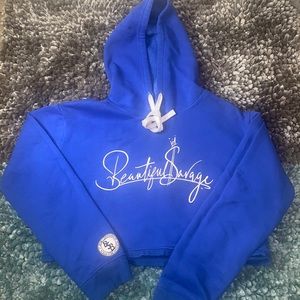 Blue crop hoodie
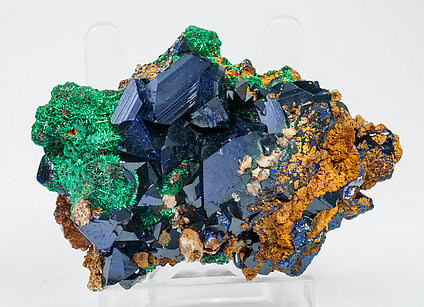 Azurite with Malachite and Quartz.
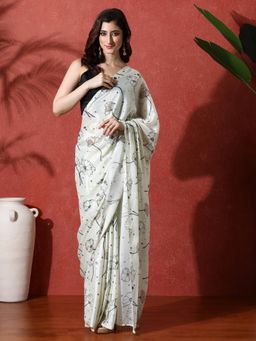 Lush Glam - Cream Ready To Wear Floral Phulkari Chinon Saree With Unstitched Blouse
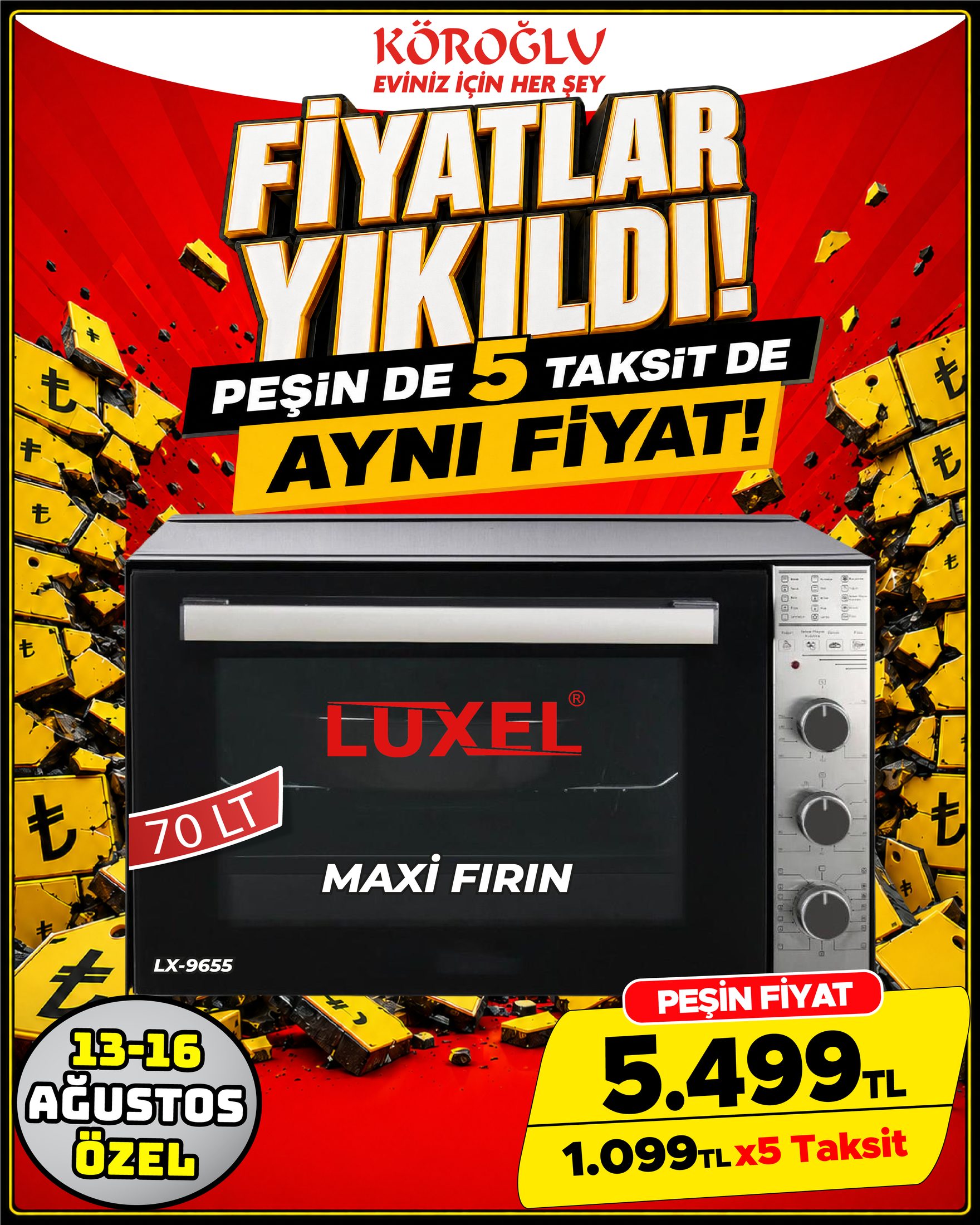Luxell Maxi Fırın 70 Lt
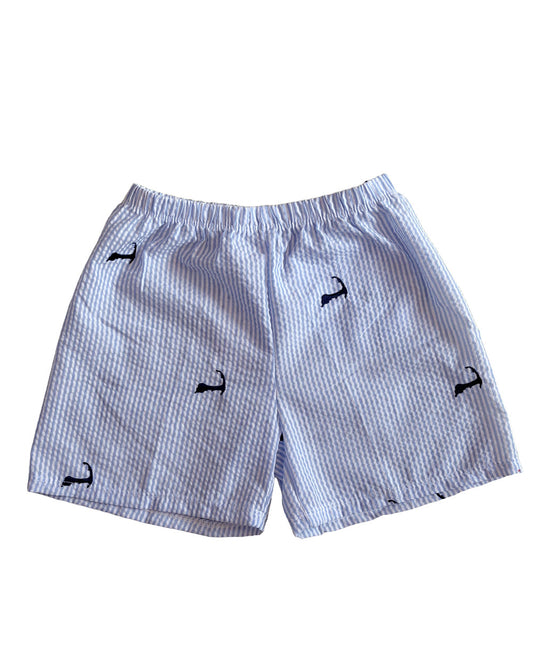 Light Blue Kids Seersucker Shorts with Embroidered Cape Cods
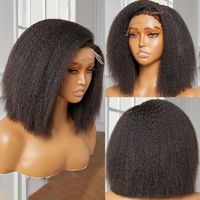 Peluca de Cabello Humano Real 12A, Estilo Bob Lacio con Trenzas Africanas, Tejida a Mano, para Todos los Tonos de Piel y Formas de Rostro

* * *

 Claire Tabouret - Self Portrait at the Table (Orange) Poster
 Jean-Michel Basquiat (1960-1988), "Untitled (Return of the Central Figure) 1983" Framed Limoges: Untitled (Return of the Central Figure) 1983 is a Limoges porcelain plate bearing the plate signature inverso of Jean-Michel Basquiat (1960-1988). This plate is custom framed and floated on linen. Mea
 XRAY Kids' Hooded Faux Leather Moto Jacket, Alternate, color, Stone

--

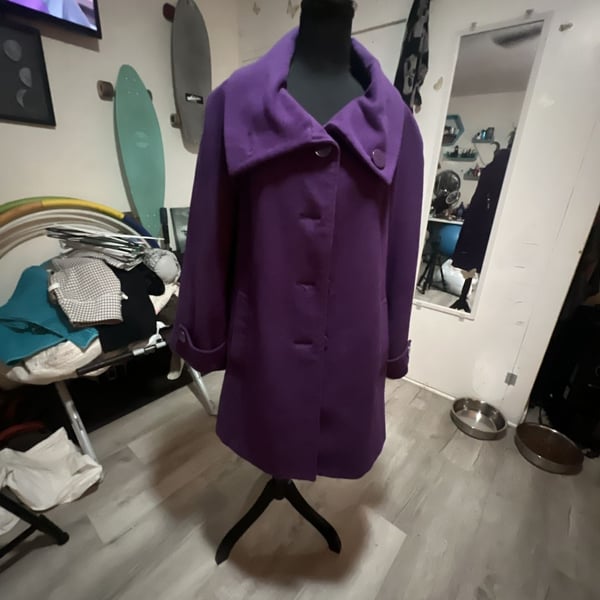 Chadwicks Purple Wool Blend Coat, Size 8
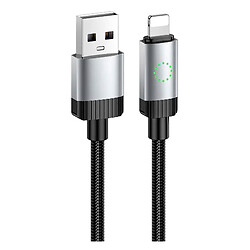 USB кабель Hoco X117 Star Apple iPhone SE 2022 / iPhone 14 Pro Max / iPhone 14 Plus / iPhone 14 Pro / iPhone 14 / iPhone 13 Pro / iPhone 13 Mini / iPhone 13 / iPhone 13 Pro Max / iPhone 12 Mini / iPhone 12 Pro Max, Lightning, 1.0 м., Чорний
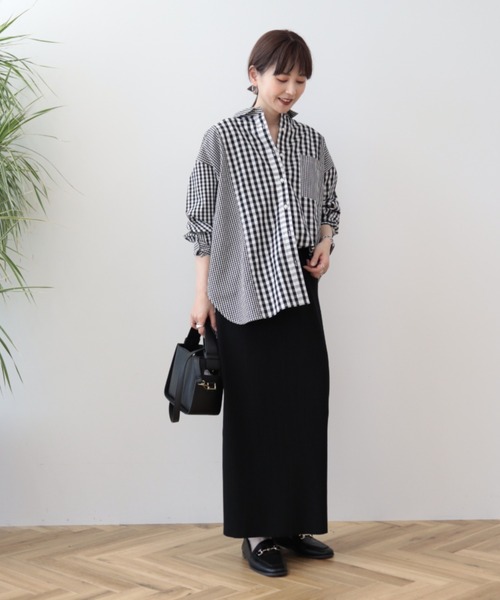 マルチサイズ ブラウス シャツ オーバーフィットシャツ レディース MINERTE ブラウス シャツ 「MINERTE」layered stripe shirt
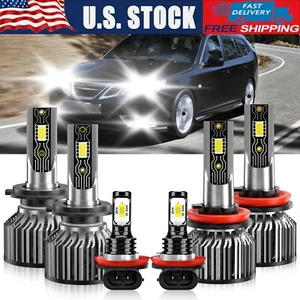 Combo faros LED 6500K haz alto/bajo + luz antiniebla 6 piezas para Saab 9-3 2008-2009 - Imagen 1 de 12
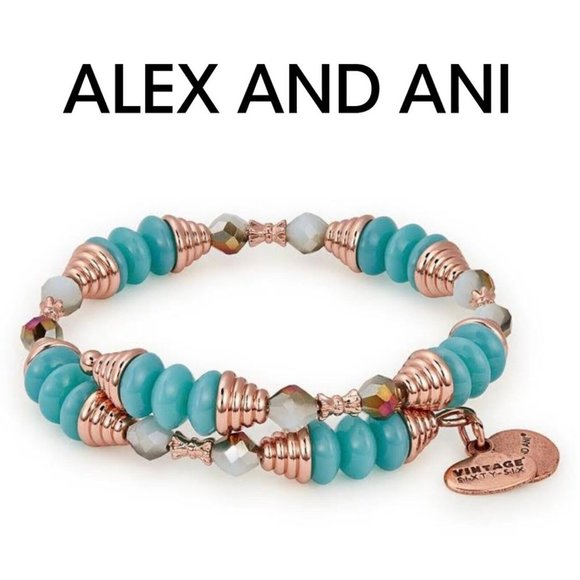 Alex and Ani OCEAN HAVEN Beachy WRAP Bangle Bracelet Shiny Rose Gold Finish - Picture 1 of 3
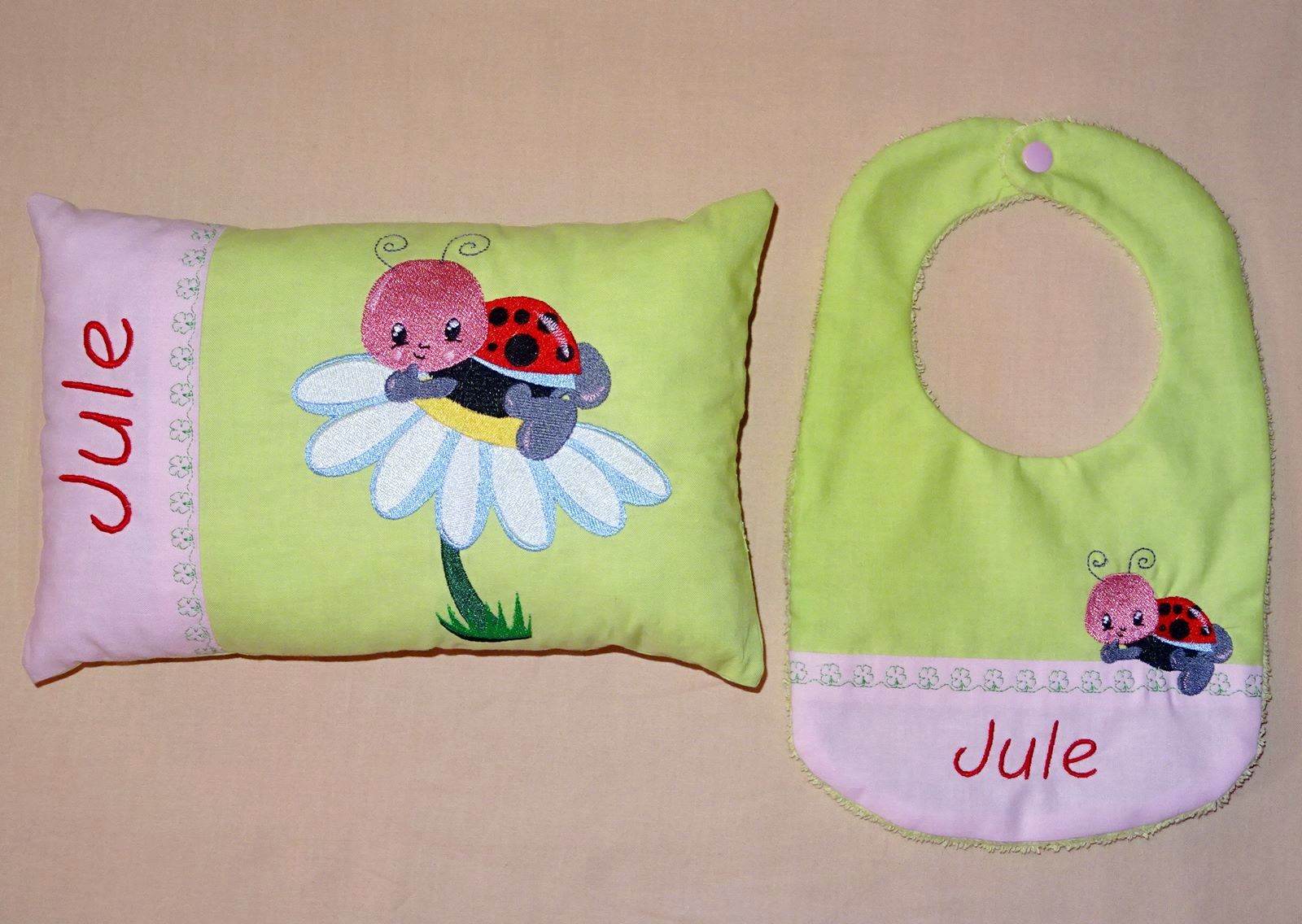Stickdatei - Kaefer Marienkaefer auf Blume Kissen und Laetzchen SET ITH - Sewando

Action item. Please transcribe exactly the lines above from the line that has "on linen. Mea" up to and including the line that has "XRAY Kids' Hooded"; no other line belongs in the answer.

Problem solution.
 Jean-Michel Basquiat (1960-1988), "Untitled (Return of the Central Figure) 1983" Framed Limoges: Untitled (Return of the Central Figure) 1983 is a Limoges porcelain plate bearing the plate signature inverso of Jean-Michel Basquiat (1960-1988). This plate is custom framed and floated on linen. Mea
 XRAY Kids' Hooded Faux Leather Moto Jacket, Alternate, color, Stone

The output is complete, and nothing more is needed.